Caption-style text data:
BEGIN

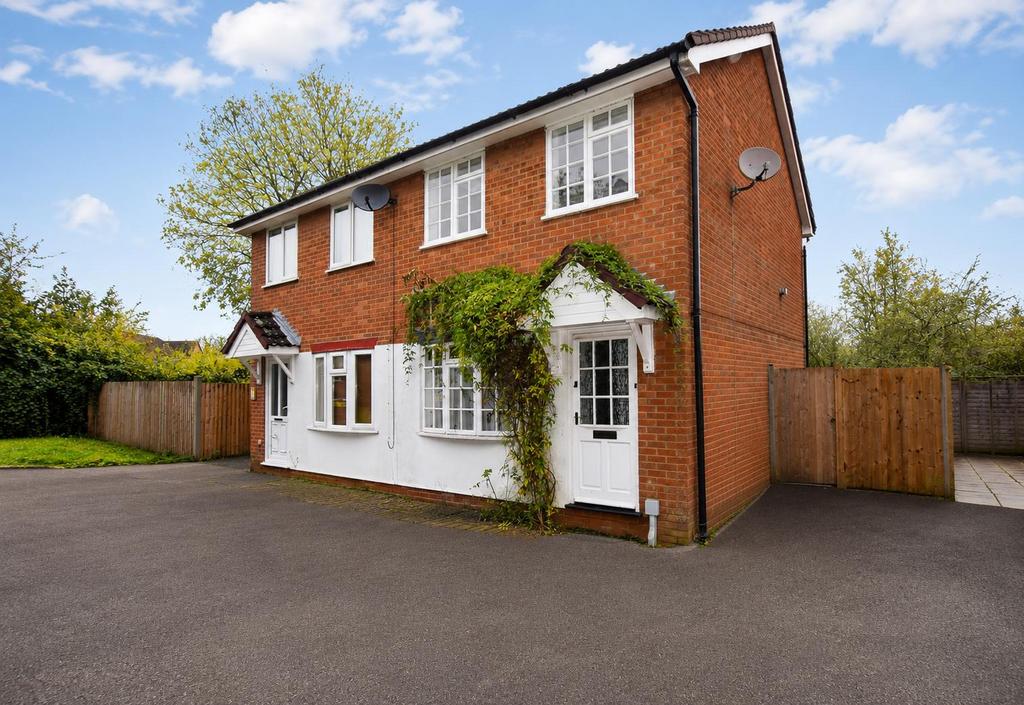 2 bedroom semi-detached house to rent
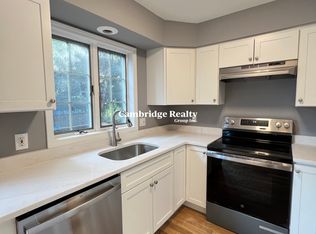 66 Murdock St #1T, Somerville, MA 02145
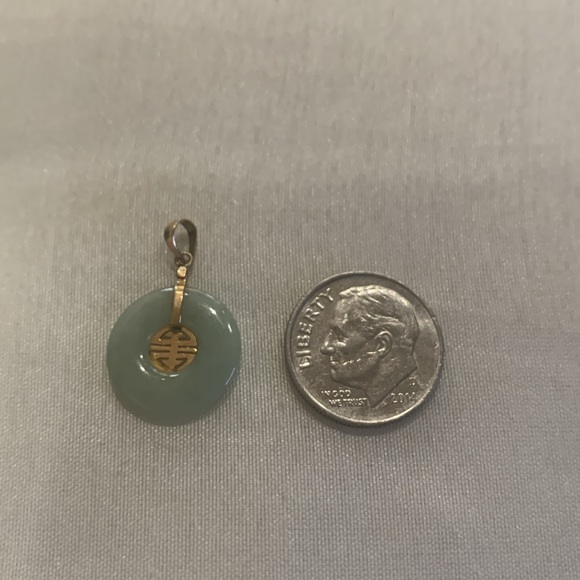 ❤️FINAL❤️Beautiful authentic green jade and 14k gold charm - Picture 6 of 6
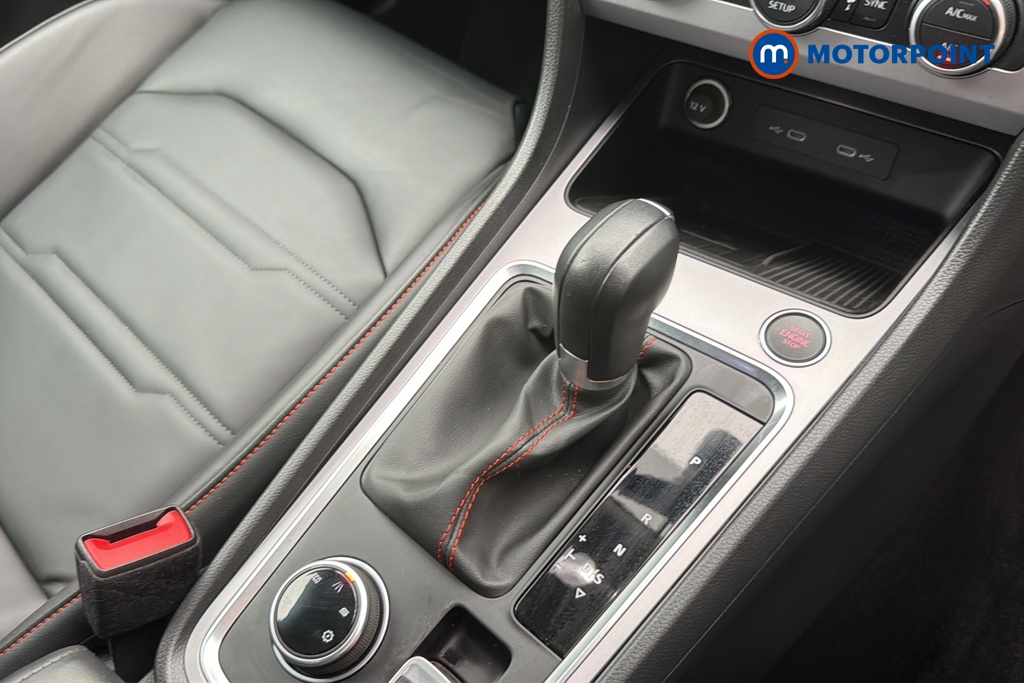 Seat Ateca Fr Black Edition Automatic Petrol SUV - Stock Number (1649443) - 15th supplementary image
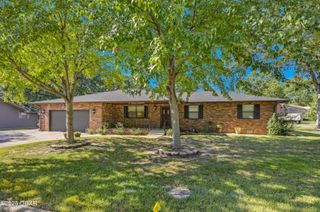 2631 Matthews Drive, Joplin, MO 64801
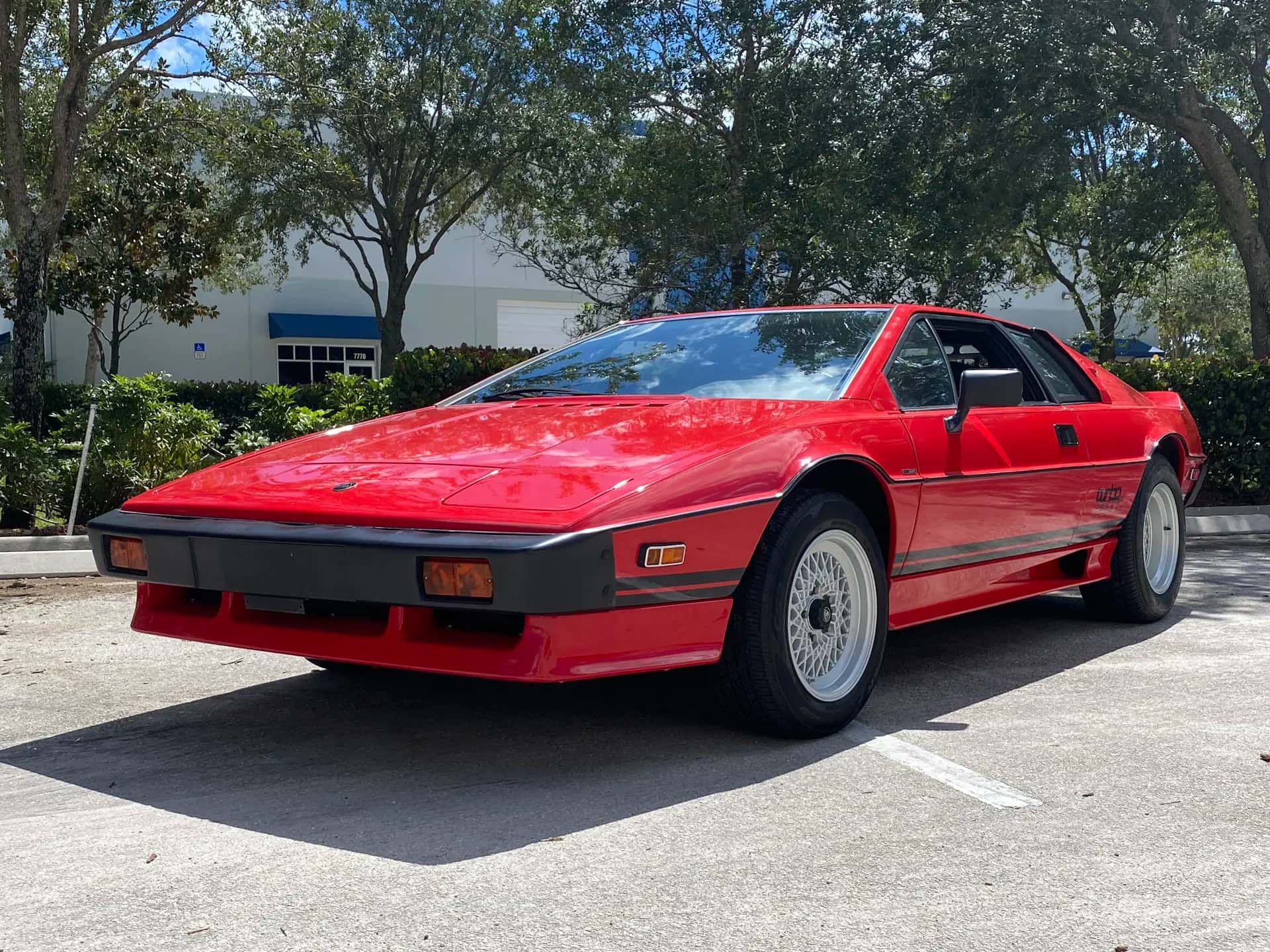 1983 Lotus Esprit Turbo sold for $33,000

END

**Problem description:** Transcribe, without alteration, each line from the one with "Picture 6 of 6" through the last line of the data; no pictures belong in the copy.

**Result of the task:**
 ❤️FINAL❤️Beautiful authentic green jade and 14k gold charm - Picture 6 of 6
 Seat Ateca Fr Black Edition Automatic Petrol SUV - Stock Number (1649443) - 15th supplementary image
 2631 Matthews Drive, Joplin, MO 64801
 1983 Lotus Esprit Turbo sold for $33,000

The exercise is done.